ZACH DORFMAN: In many quarters of the United States, World War I was deeply unpopular. Did dissidents attempt to organize and act politically as a group? How were individual dissidents such as Randolph Bourne, Jane Addams, and Eugene Debs treated, and what impact did this have for the future treatment of dissident groups across the country?
JONATHAN HANSEN: The entry of the United States into World War I in April 1917 swamped cosmopolitan patriotism in a wave of jingoism. The civil loyalty that the likes of Addams, John Dewey, and Louis Brandeis had hoped to cultivate via economic and political reforms and social insurance was created artificially by court order, nationalist propaganda, and loyalty oaths. The nation that emerged from war in 1919 was arguably less tolerant of ethnic and racial minorities than at any time in its history. Government officials and other shapers of public opinion campaigned assiduously not for cultural pluralism but against communism, anarchism, and other movements for social equality. The ensuing Red Scare spawned conditions favorable to the passage of the Johnson-Reed Act in 1924, which, by establishing immigrant quotas based on national origin, effectively silenced the idea that cultural diversity was America's greatest asset. Pluralist arguments would emerge episodically among American intellectuals over the next 50 years, but not until the 1960s and 1970s would Americans take up the problem of cultural diversity in a serious way.

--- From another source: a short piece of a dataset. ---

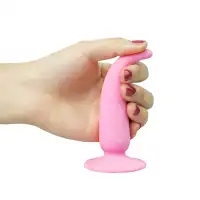 Изображение Lovetoy, Китай Розовый стимулятор простаты и G-точки Lure Me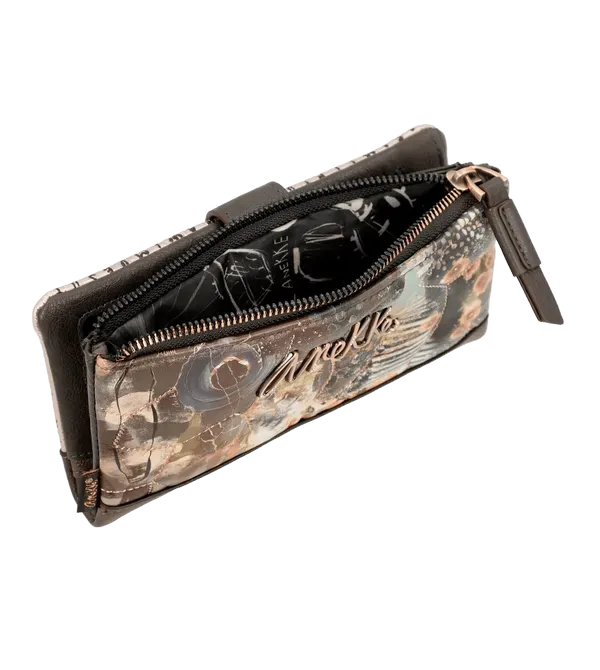 Portefeuille Anekke Shoen Padded 37739-906 - Portefeuille Anekke Shoen Padded 37739-906 - Default Title Melisac -Reims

Like their pro-war compatriots who had hearkened to Woodrow Wilson's millennial promise, Debs and Addams had to come to terms after the armistice with the dashing of their prophecies of peace. America's wartime jingoism along with the political reaction and renewed racism that followed the return of American troops from Europe soured the cosmopolitans—as it did so many American intellectuals and cultural critics—to the very concept of patriotism, which never recovered its association with critical vigilance.
Released from jail in late 1921, Debs spent the last five years of his life futilely trying to capitalize on the momentous events of the Russian Revolution; ironically, Debs's focus on Russia robbed his critique of potency by eroding its emphasis on American principles. Jane Addams renewed her search for a mechanism by which to end war. But she stopped referring to the long-sought "moral substitute" in the language of patriotism. In 1918, Addams helped found the Women's International League for Peace and Freedom, an organization that occupied much of her time during the 1920s, directing her attention away from the problem of American identity and toward the issue of international mediation. Du Bois grew increasingly frustrated at America's racial intransigence. Throwing himself back into the fight for civil rights, he expressed less confidence that the United States might become a truly cosmopolitan nation; the thought that the country would one day allow African Americans to vote seemed implausible enough. Meanwhile John Dewey, apparently overcompensating for his self-described naiveté about the potential benefit of war, embarked on a campaign to "outlaw" war entirely.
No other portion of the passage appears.